Mengingat tujuan baik yang dilakukan dengan cara seperti itu tak bisa dibenarkan dalam konteks agama Islam. Sebab tujuan baik harus dicapai dengan cara yang baik pula. Lelang keperawanan apapun alasannya tentu jelas-jelas tidak baik dan hukumnya adalah haram dan berdosa.
Haram merupakan salah satu dari al-Ahkam al-Khamsah yang harus dijauhi setiap muslim. Islam memberi ancaman bagi siapa yang melanggarnya. Sejak dahulu hal ini menjadi perbincangan yang hangat, demikian juga dewasa kini. Sehingga tidak dinafikan jika umat islam terus diingatkan untuk menghindari perilaku tersebut.

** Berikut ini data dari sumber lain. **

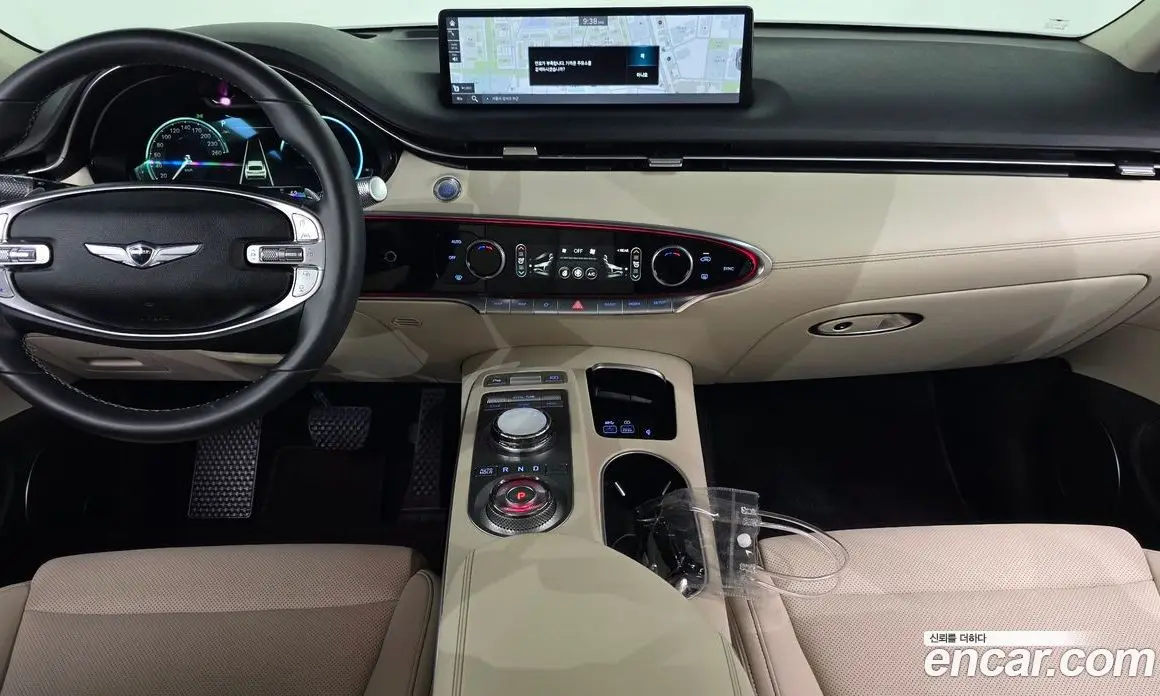 Genesis GV70 2023 2.5 автомат (гидро), фото 10 Genesis GV70 2023 2.5 автомат (гидро), фото 10
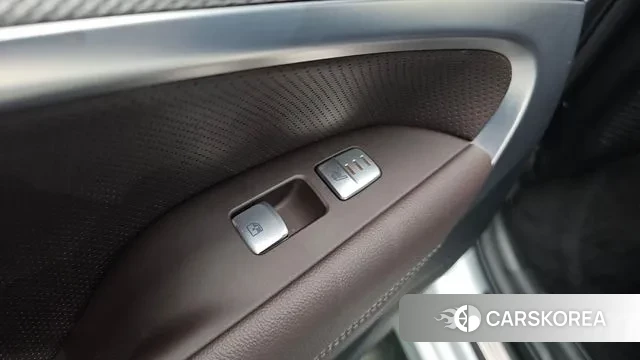 Genesis The New G70 id 3607379 из Кореи 10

Haram disini tidak koheren hanya pada hewan atau sejenisnya yang mahfum kita ketahui. Pun harta juga bisa menjadi haram jika diperoleh melalui jalan yang dilarang oleh Islam. Harta haram dalam benda tentu memiliki cara pandang dalam atribusinya. Akibatnya halal atau haram suatu harta hanya dapat disandingkan kepada perbuatan.
Sehingga obyek hukum yang ditekankan dalam atribut di atas lebih kepada perbuatannya. Tindakan inilah yang disifati haram, halal, dan lain sebagainya. Pun demikian kalau dalam pergaulan sehari-hari penggunaan diksi harta haram atau harta halal, maksudnya ialah uang yang diperoleh lewat jalan haram atau halal.Â
Jadi perkataan tersebut meruapak majazi bahwa hukum hanyalah menjadi atribut dari perbuatan. Sejalan dengan ta'rif hukum yang telah menjadi konsensus Fuqaha', Ushuliyyin dan mufassirin. Pun begitu tidak dinafikan jika dewasa kini manusia dalam mengejar kehidupan materi kadang-kadang tidak mengindahkan aturan haram-halal.
Konsekuensi Hukum
Ironisnya ada juga cara pandang yang begitu ekstrim menyatakan bahwa dalam kehidupan modern kalau ingin maju, mau tidak mau harus bersentuhan dengan yang haram. Nahasnya tidak sedikit asumsi yang menganggap baik bagi muslim yang rajin beramal, tetapi ternyata dari harta haram. Hasil korupsi misalnya.
Lalu bagaimana Fiqh melihat hal demikian ini, niat membantu orang lain dengan harta yang didapat secara tidak benar. Seperti pemaparan penulis diawal tulisan ini, tentu niatan baik tidak akan memetik hasil yang baik jika ada hal yang dilanggar. Ini seperti dalam sebuah hadis yang diriwayatkan oleh Abu Hurairah RA.
Rasulullah SAW bersabda,"Tidaklah seseorang bersedekah dengan sebutir kurma dari hasil kerjanya yang halal melainkan Allah akan mengambil sedekah tersebut dengan tangan kanan-Nya lalu Dia membesarkannya sebagaimana ia membesarkan anak kuda atau anak unta betinanya hingga sampai semisal gunung atau lebih besar dari itu"Â (HR. Bukhari, no. 1410 dan Muslim, no. 1014)
Hadis di atas meski secara konteks mengejawantahkan ihwal sedekah, tentu secara eksplisit juga dapat diqiaskan dalam konteks unggahan Sarah Salsabila diatas. Apapun niatan baiknya dalam memberi bantuan bagi masayarakat terdampak Covid-19 tentu tidak dibenarkan jika cara mendapatkan hartanya salah.
Sehingga perlu kejernihan fikiran dalam membuat suatu unggahan, terlepas niat apapun yang diinginkan tetap saja hal tersebut tetap akan menimbulkan konsekuensi hukum. Terlebih unggahan tersebut memuat simbol dari kalangan lain, yang tentunya dapat mamantik beragam asumsi dan sanggahan. Wallahu A'lam Bish Shawabi.